It's the first volume in a set of books about the history of keyboards, text entry, the user experience of working with text on various then-newfangled devices. I learned a lot, which might kind of surprise you; I'd already learned plenty about the history of this technology and that technology. But focusing on text brings you to some weird corners.
E.g., in the very-early days of typewriters, a typist couldn't see what they'd typed; the marks were under the paper, hidden by the typewriter mechanism. You might say "Well, any serious typist learns to touch-type at some point; but I dunno if I could work up the resolve to learn touch typing if I couldn't see my work when I was starting out.
I learned about Linotype spacebands. A linotype lets a typesetter make a line-of-type by typing text, laying out an array of letterform molds. But this tool, for book and newspaper publishers, supports full-justified text. It did that by changing the spacing between words; not so hard if they're just blips of light on a computer screen, but tricky when they're pieces of metal sitting in a track. It turns out that while the letter-pieces were flat, spaces were spacebands, tall subtly-slanted wedges.
|..____⚺____⚺___⚺__⚺___.|
When you'd entered a line of text, the machine would push down on the wedges, forcing apart the words until those words hit the edges of the track.
|_____ _____ ____ ___ ___|
V V V V
They fit snugly enough such that when hot lead was poured over the track, it probably didn't leak past those wedges.
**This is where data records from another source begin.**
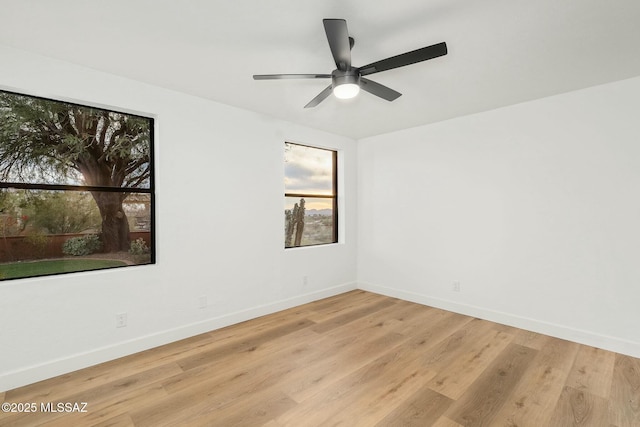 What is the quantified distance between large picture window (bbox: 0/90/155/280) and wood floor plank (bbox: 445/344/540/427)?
2912mm

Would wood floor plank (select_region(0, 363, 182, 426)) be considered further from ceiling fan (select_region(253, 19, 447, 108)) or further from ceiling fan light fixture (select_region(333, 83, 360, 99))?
ceiling fan light fixture (select_region(333, 83, 360, 99))

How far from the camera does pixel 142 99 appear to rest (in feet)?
9.09

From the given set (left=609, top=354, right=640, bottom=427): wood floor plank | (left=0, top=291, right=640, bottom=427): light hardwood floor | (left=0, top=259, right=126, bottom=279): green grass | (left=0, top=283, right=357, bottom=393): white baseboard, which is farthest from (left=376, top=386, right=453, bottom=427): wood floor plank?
(left=0, top=259, right=126, bottom=279): green grass

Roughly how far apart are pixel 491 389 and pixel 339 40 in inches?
102

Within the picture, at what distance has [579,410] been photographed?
1.96 m

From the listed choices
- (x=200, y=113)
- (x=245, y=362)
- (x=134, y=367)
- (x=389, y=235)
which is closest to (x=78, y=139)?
(x=200, y=113)

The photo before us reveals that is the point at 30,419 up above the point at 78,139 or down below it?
below

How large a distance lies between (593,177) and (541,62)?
132 cm

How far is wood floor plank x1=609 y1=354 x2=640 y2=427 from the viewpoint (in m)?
1.87

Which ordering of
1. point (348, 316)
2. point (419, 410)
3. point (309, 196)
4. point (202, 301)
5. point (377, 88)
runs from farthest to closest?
point (309, 196) < point (348, 316) < point (202, 301) < point (377, 88) < point (419, 410)

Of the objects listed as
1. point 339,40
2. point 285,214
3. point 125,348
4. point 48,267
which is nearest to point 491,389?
point 339,40

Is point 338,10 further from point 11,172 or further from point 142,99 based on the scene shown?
point 11,172

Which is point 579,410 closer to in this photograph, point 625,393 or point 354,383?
point 625,393

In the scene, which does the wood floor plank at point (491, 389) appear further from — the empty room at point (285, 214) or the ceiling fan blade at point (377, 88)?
the ceiling fan blade at point (377, 88) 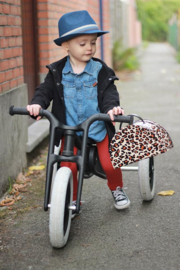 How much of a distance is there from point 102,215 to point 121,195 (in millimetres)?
212

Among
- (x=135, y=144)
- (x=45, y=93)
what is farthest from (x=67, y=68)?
(x=135, y=144)

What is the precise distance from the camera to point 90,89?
3.08 m

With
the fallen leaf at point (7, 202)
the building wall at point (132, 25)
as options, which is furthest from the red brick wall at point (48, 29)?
the building wall at point (132, 25)

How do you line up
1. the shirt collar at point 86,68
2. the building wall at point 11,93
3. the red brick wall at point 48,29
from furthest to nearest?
1. the red brick wall at point 48,29
2. the building wall at point 11,93
3. the shirt collar at point 86,68

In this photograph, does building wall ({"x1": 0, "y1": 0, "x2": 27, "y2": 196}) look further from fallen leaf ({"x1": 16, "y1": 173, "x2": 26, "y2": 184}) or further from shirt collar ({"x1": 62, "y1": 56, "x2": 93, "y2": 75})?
shirt collar ({"x1": 62, "y1": 56, "x2": 93, "y2": 75})

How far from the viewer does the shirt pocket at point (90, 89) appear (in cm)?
307

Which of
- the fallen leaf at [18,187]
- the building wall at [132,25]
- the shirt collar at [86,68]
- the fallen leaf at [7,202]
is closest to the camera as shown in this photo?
the shirt collar at [86,68]

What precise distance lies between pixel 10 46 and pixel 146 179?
1.75 metres

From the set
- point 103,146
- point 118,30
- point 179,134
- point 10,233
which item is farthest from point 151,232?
point 118,30

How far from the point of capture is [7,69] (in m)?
3.93

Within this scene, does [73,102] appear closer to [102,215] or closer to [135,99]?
[102,215]

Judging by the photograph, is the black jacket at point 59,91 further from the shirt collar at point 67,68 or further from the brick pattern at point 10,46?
the brick pattern at point 10,46

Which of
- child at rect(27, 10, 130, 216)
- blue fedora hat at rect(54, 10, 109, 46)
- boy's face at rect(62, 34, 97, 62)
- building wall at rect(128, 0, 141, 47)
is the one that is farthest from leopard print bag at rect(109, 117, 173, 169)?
building wall at rect(128, 0, 141, 47)

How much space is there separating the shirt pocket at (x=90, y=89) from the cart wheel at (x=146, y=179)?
0.64 meters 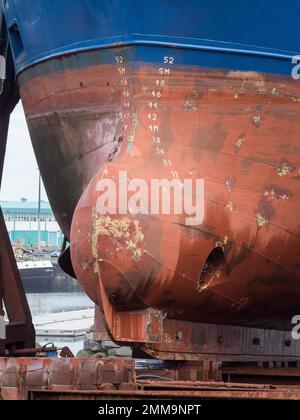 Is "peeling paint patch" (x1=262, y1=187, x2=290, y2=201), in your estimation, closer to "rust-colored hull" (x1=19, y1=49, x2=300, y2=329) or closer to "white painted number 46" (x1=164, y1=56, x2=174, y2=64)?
"rust-colored hull" (x1=19, y1=49, x2=300, y2=329)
I learned something about the history of the telegraph, surprising since I studied that pretty hard while coming up with ideas for that Telegraph Hill puzzle hunt. I learned about some of the also-ran devices that were devised, false starts towards usability. Many people saw that electricity could be used for communication. Someone at point A closes an electrical circuit; this causes something to happen at point B, far away but also on that electric circuit. But what should happen? It shouldn't require too much power; you'd have to drive that much power through the circuit. (Modern folks might think "why not run a little trickle of power through the circuit and use it to trigger a transistor to something more powerful at the receiving end?" but of course this is all before transistors.) I read about the efforts Francisco Salva Campillo, who had the idea of using twitching severed frogs' legs at the receiving end to indicate when the circuit was closed. I'm really glad I didn't try to write a puzzle around that.
So far, so good. Onward to Volume №2.